As lockdown dragged on, they began inviting artists to send in pre-recorded sets. "It gave DJs who no longer had bookings a way to keep their project going," Valentin says. When clubs finally reopened, dance and listening events followed – and for a while, that's what Radio Sofa became known for. "For five years we were honestly more known for our events than for the radio," Valentin admits. Without a recording studio, the artist programming remained limited. "But now that we have the studio, everything is developing. The number of shows has multiplied by at least five or six." They now count close to a hundred resident artists.

The café-bar itself was a year and a half in the making. Noé and Valentin worked with architect friends Léna Moussaigne and Erin Gurdal on the interior design, helping create the welcoming space, one shaped by years of research abroad. "Every time one of us travels somewhere new, we go find the local radio," says Noé. Over five years of visits to stations across Berlin, Amsterdam, Lisbon and Istanbul, a pattern emerged: the radios they admired had all solved the same problem the same way, anchoring their web presence to something people will physically show up and pay for.
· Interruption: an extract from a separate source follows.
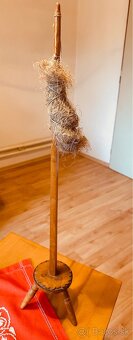 Kolovrátok s praslicou - 3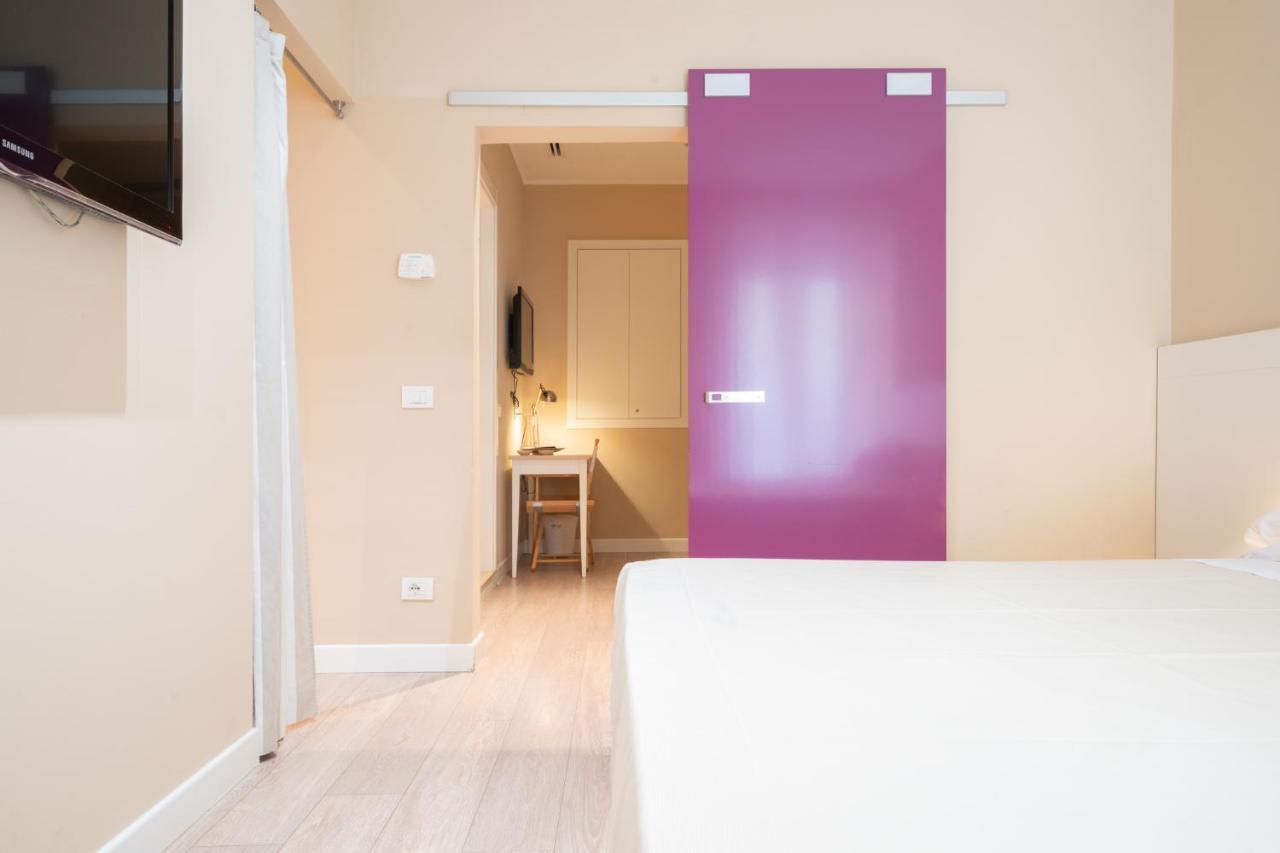 Familienzimmer mit Balkon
Their answer was the bar, an economic model with potential, since the radio itself is non-profit and events barely break even.

Antenne 47: studio
Antenne 47: studio

While the focus remains firmly on local and emerging artists rarely encountered in mainstream media, international names do find their way into the programming. "Foreign artists we bring in tend to be people passing through Paris for gigs, and we offer them the chance to come and record in the studio," Valentin explains. The result is a place built around a clear listening philosophy. "The programming is shaped by the idea that radio is something people put on at home, accompanying their day alongside other activities – whether they're working or just going about their lives," Noé explains. "That context calls for music that doesn't demand to be danced to, but still holds attention."
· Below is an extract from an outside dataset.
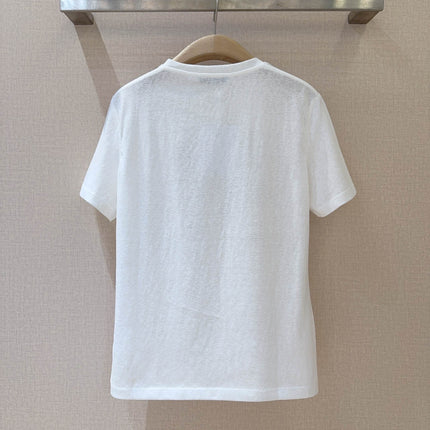 DIOR 25S CREW-NECK T-SHIRT 757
Antenne 47 is worth paying attention to for reasons that go beyond the novelty of a café with a recording studio out back. It reveals something about the state of cultural funding in France: who it’s built for, and who it leaves out.

When Valentin describes their attempts to access public funding, the picture is bleak but unsurprising to anyone who has tried to navigate French cultural institutions as a small collective. "If you're not already big, trying to get subsidies is usually a nightmare," he says. During the years they were building the project, the cultural budget was absorbed almost entirely by the Paris Olympics. Alternative musical projects barely profited. The grants that did exist came with prerequisites – a permanent employee on contract, years of documented activity, an institutional track record – that effectively excluded the very collectives they were ostensibly designed to support. "We never ticked the boxes," Valentin admits. They had to find another way.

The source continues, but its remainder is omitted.